Aurian 1979 (49,6%, OB for Wu Dram Clan 2020, 144 btl.)

Nose: this one is much more on polished wood and even some glue, with raspberries, raisins and plums underneath. Then mild potpourri in the distance, along with pine needles and hints of dried herbs.
Mouth: flashes of sour cherries and raisins again, but they are overtaken by a wave of wood spice (ginger, pepper, eucalyptus), leathery notes and plenty of black tea. Echoes of Coca-Cola. More glue and cedar wood towards the end.
Finish: rather long and dark, with exotic wood, light bitter touches and more black tea.

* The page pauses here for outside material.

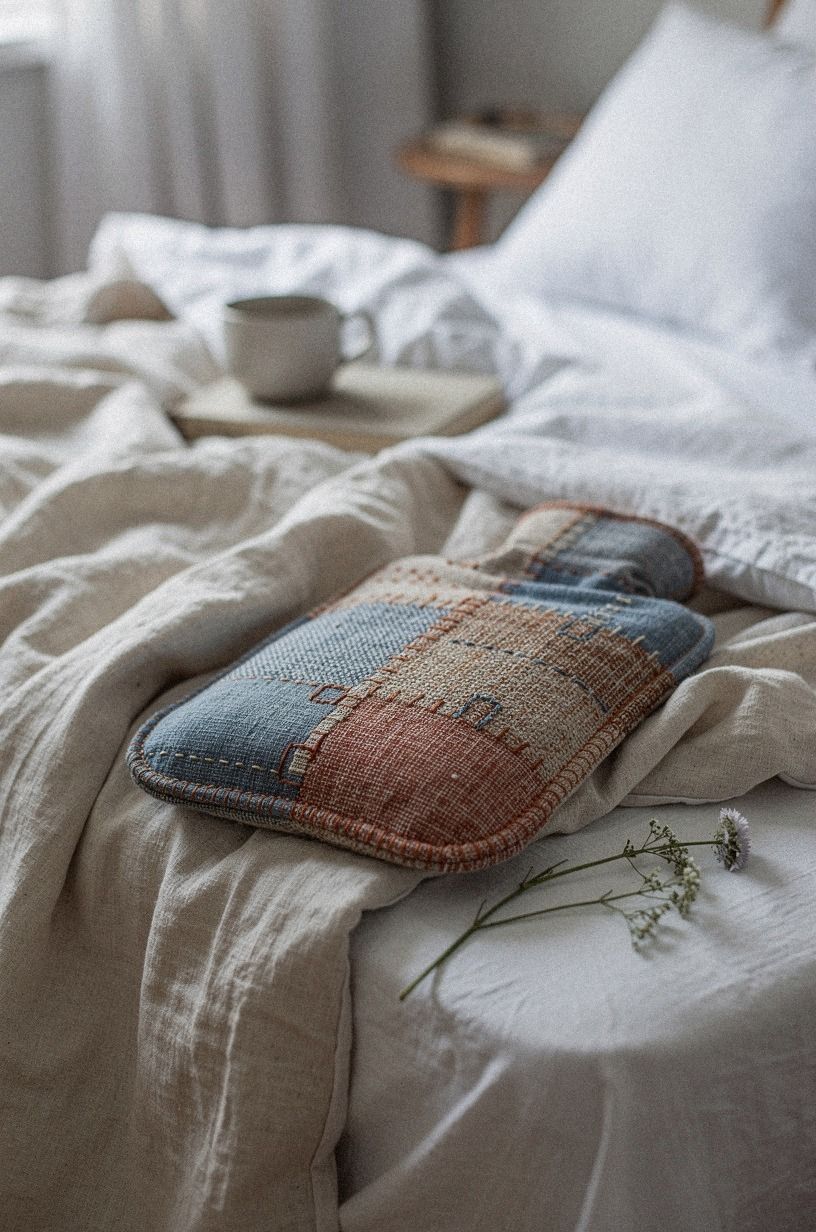 I Added One Small Bedding Detail, emerald palette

An old bottling from Wu Dram Clan, when armagnac was not yet fully discovered by bottlers. A classic profile, hindered a bit by the slightly harsh woodiness. Score: 86/100
Armagnac Château Pomès de Pébérère 1976 (49,6%, Malternative Belgium 2025, cask #115, 120 btl.)

Mouth: oily with a pleasant sour / balsamic edge. Hints of wood glue and polished furniture. Rather rustic but the sweet-and-sour balance adds elegance. Mid-palate there are hints of plums and pears. Then mild bitterness of clove oil, leathery dryness and some greener / herbal touches from the wood. Some rancio notes too.

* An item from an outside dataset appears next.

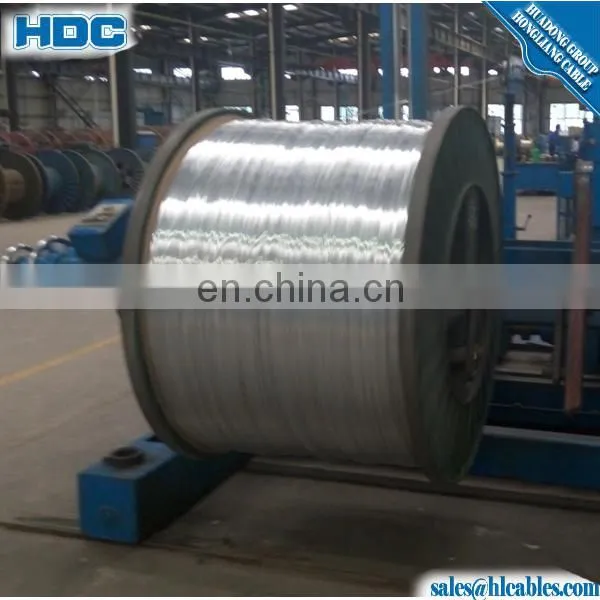ACSW ASTM B502 Standard 20.3% IACS 1.93mm 2.97mm 3.66mm Aluminum Clad Steel Wire photo-6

Finish: quite long, more drying now, with light minty notes, more leather and herbal tea.
Here as well we have a slightly more rustic and firm style. A little more cognac-like at times, which may not be surprising from this cognac expert. We may have expected more fireworks for their first armagnac release (as if they intended to keep a distance between cognac and the generally rougher armagnac), but kudos for bringing a new producer to our attention. Available from their webshop. Score: 87/100
Armagnac Domaine de Danis 1978 (46%, OB 2022, cask #T6)

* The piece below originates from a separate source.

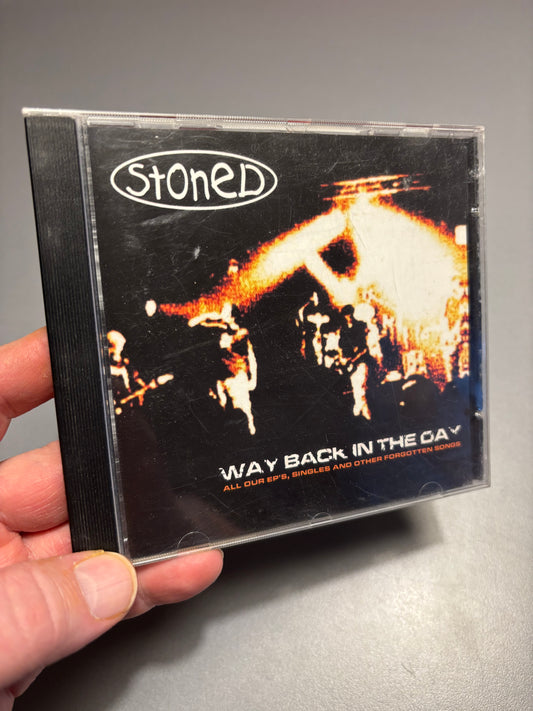 Stoned: Way Back In The Day, CD, Only pressing, Ampersand Records, Sweden 1999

Nose: a brighter style, with stewed fruits like peaches and berries, which goes well with some vanilla pastry and honey. Whiffs of orange blossom and polished furniture. Light herbal tea. Quite a round and inviting profile.
Mouth: same feeling, very mild spirit with peaches aplenty, honey sweetness, stewed pears and hints of pastry. Quite some vanilla. Even a hint of Muscat grape. Then light tobacco, latte and some caramelized nuts.
Finish: medium, still rather fruity and round, with a Calvados-like apple sweetness and a mild grassy note.
Quite round and fruity, perhaps less archetypically armagnac but really enjoyable. Still available from Armagnac.de for instance. Score: 88/100
Domaine de l’Auazoue 31 yo 1991 (55,6%, L’Encantada for Armagnac Festival 2025, cask #16, 50cl, 62 btl.)

Mouth: nice fruitiness now, mainly on stewed pears and yellow plums. Juicy mirabelles, pineapple and grapes too. Then jammy notes and honey. A peppery edge, some nougat, as well as some sharper varnish notes and a subtle bitterness.
Finish: quite long, with a rustic mix of fruits and spice, as well as some pear eau-de-vie and green herbs.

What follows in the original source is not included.